▶ [Assignment]:
Copy out and return the lines from the one holding "Alfa Romeo Giulia 2.0 Turbo TI Q4 - 14" to the end of the listing below, both included, omitting the pictures.

▶ [Data below]:
_ _ _ _ _ _ _

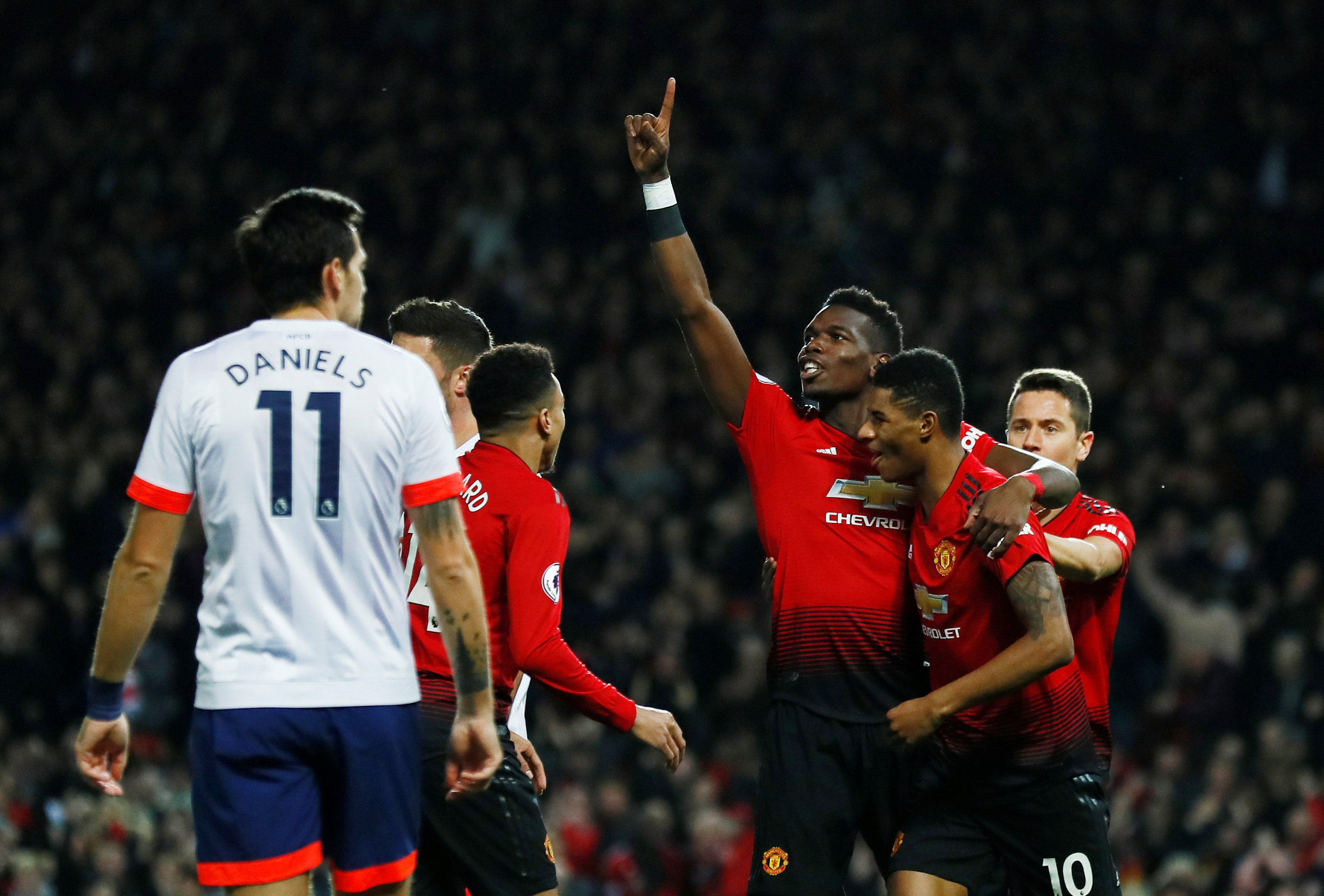 仅保持了队 仅保持了队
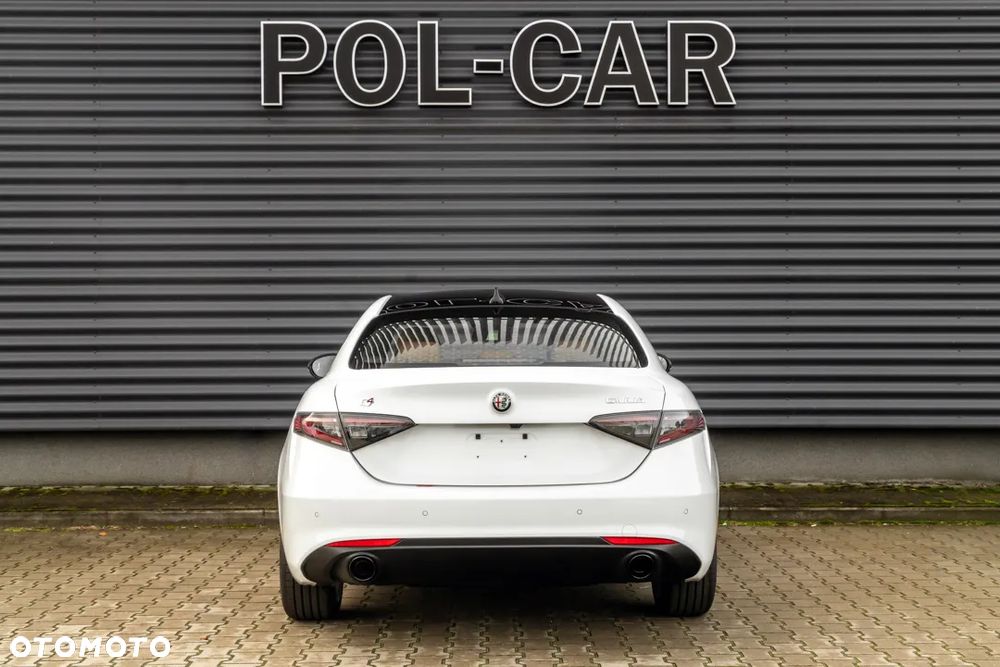 Alfa Romeo Giulia 2.0 Turbo TI Q4 - 14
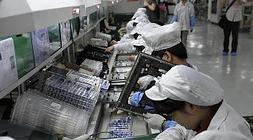 Trabajadoras chinas en la cadena de producción de Foxconn. /Afp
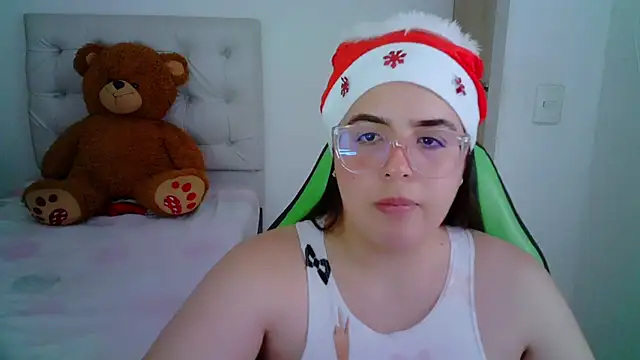 Snapshot of _alicia_z chatting on 12-28-24, 08:36 alicia z online show from 12-28-24, 08:36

_ _ _ _ _ _ _

▶ [Output for this exercise]:
 Alfa Romeo Giulia 2.0 Turbo TI Q4 - 14
 Trabajadoras chinas en la cadena de producción de Foxconn. /Afp
 Snapshot of _alicia_z chatting on 12-28-24, 08:36 alicia z online show from 12-28-24, 08:36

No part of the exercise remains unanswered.